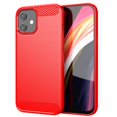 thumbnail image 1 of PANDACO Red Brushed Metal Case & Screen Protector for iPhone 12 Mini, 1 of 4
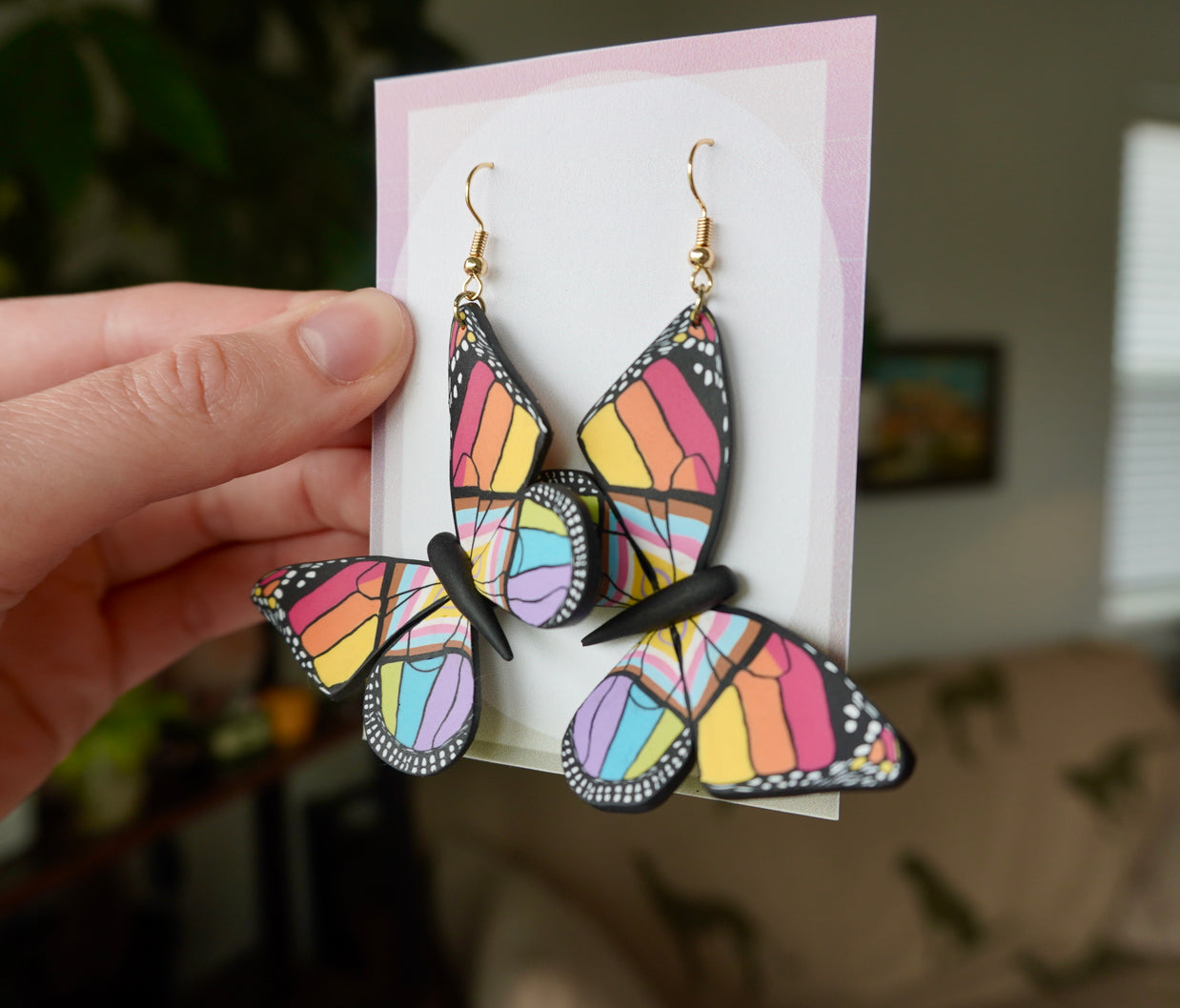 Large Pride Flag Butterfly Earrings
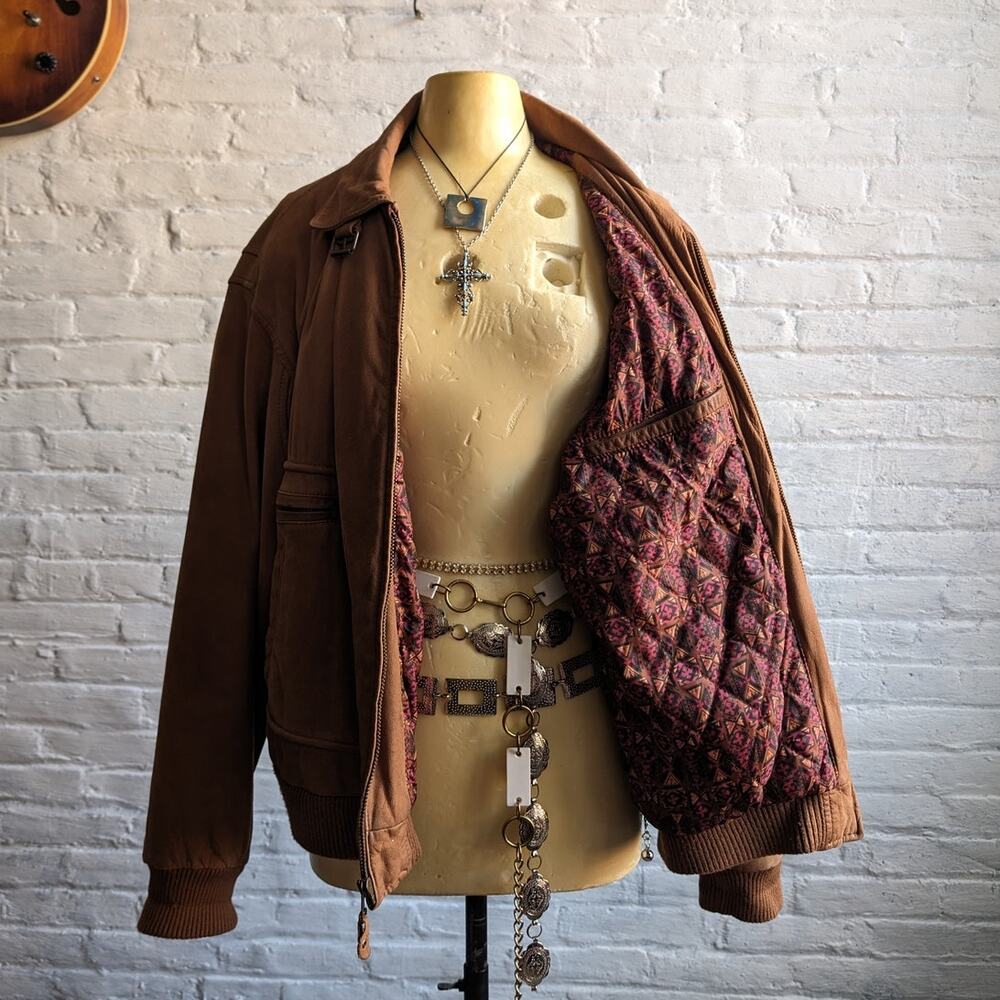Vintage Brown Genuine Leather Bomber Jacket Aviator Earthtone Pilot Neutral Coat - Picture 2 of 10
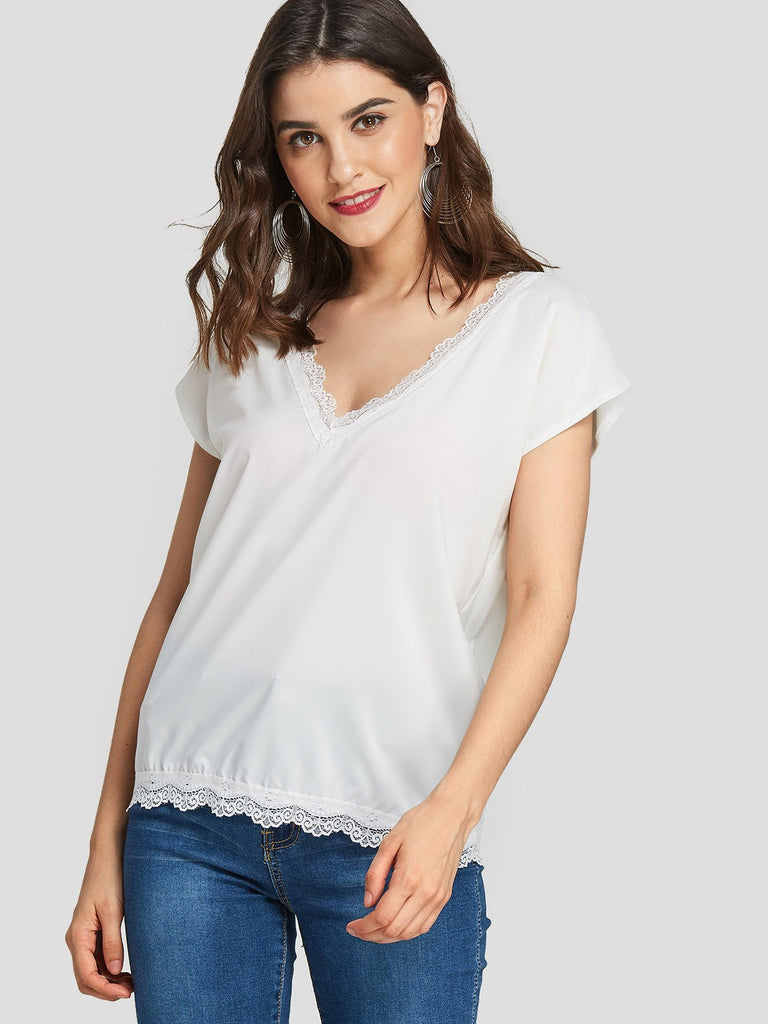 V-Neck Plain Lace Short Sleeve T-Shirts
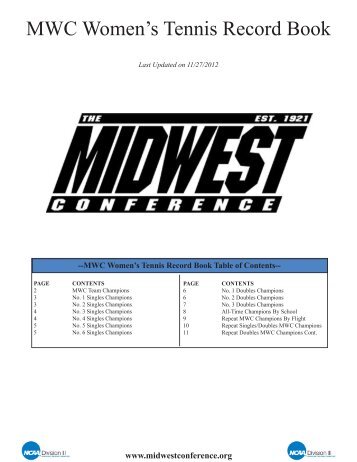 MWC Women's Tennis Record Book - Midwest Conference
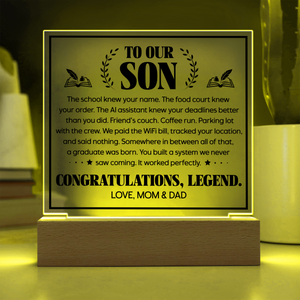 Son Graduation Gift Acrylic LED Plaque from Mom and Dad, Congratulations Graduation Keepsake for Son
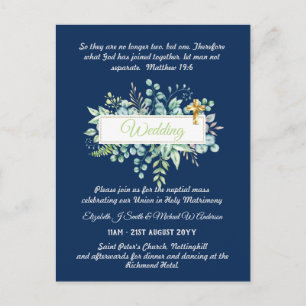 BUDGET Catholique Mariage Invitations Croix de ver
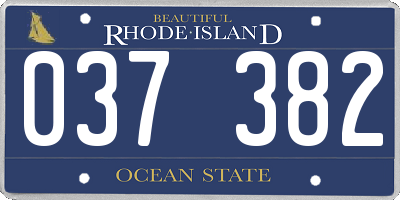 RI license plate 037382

* * *

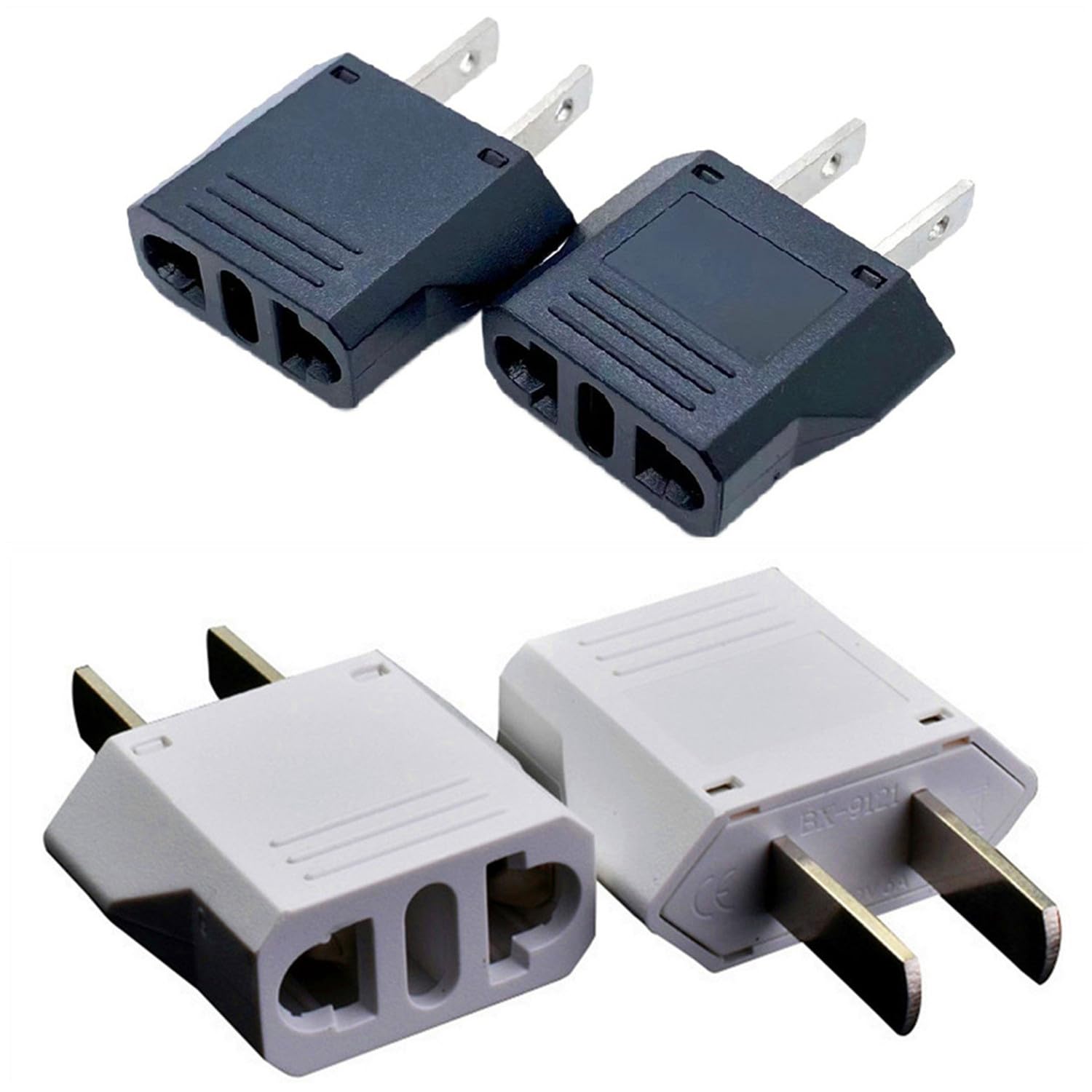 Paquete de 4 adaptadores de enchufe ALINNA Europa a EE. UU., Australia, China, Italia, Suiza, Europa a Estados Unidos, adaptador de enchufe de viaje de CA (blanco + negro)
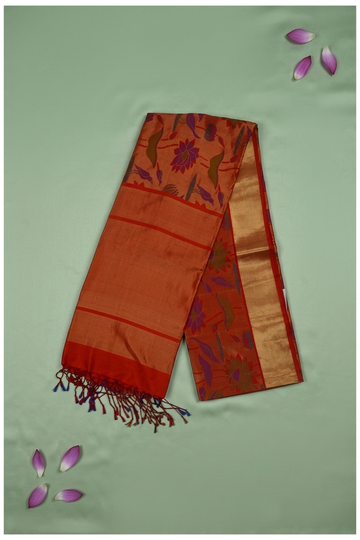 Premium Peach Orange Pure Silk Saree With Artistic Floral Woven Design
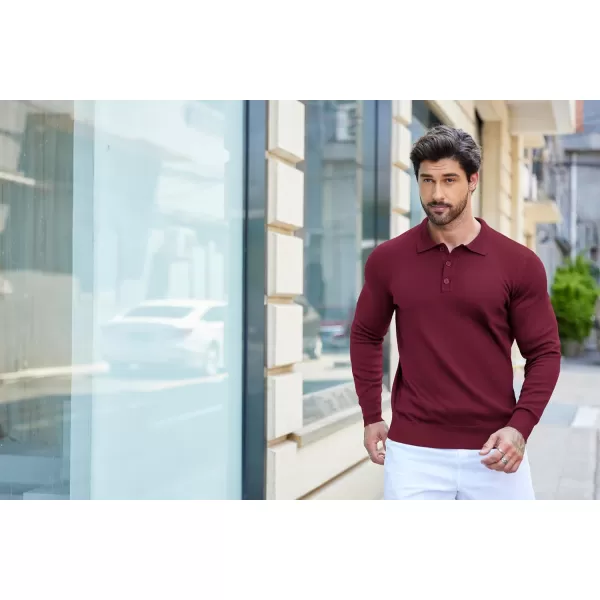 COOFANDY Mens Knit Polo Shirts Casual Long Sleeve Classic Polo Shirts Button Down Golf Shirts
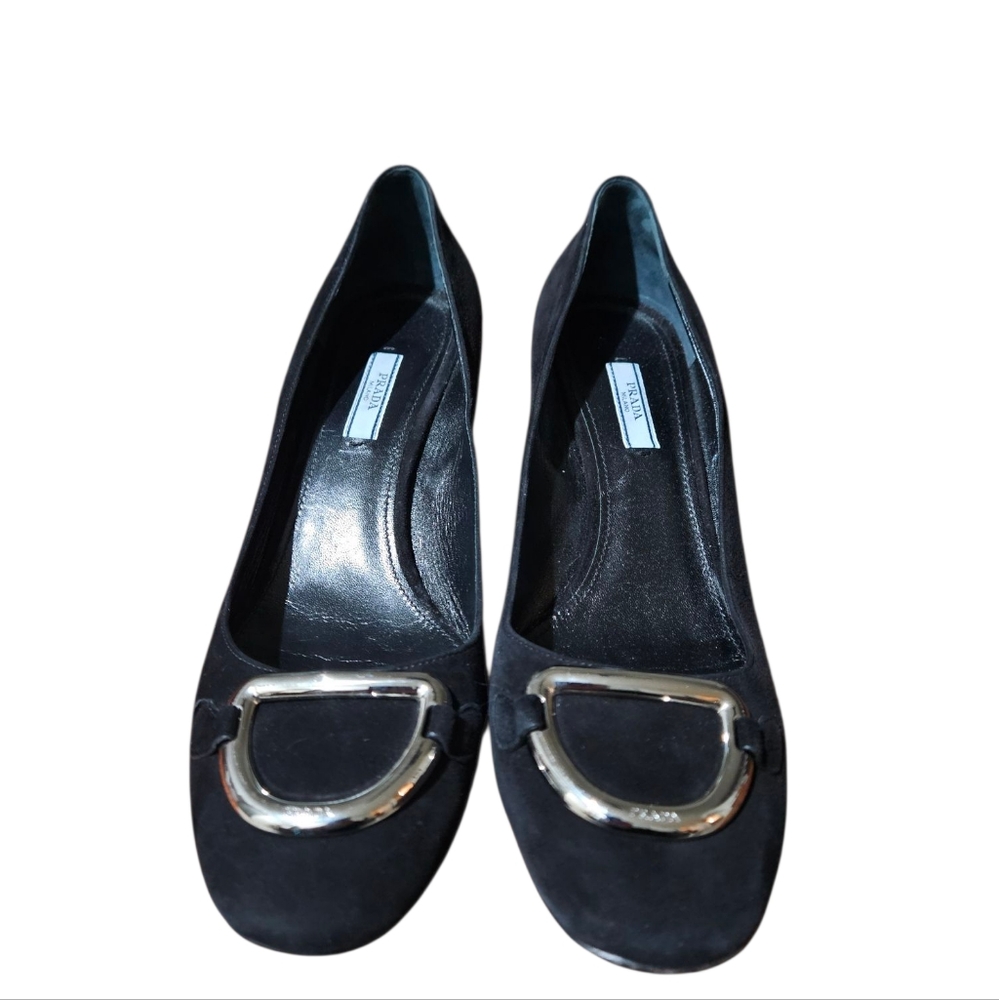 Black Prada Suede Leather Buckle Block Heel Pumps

**What to do**
When copying from the data above, begin at the line containing "Vintage Brown Genuine" and end at the line containing "RI license plate 037382"; return those lines exactly and leave all pictures behind.

**Solution below**
Vintage Brown Genuine Leather Bomber Jacket Aviator Earthtone Pilot Neutral Coat - Picture 2 of 10
 V-Neck Plain Lace Short Sleeve T-Shirts
 MWC Women's Tennis Record Book - Midwest Conference
 Son Graduation Gift Acrylic LED Plaque from Mom and Dad, Congratulations Graduation Keepsake for Son
 BUDGET Catholique Mariage Invitations Croix de ver
 RI license plate 037382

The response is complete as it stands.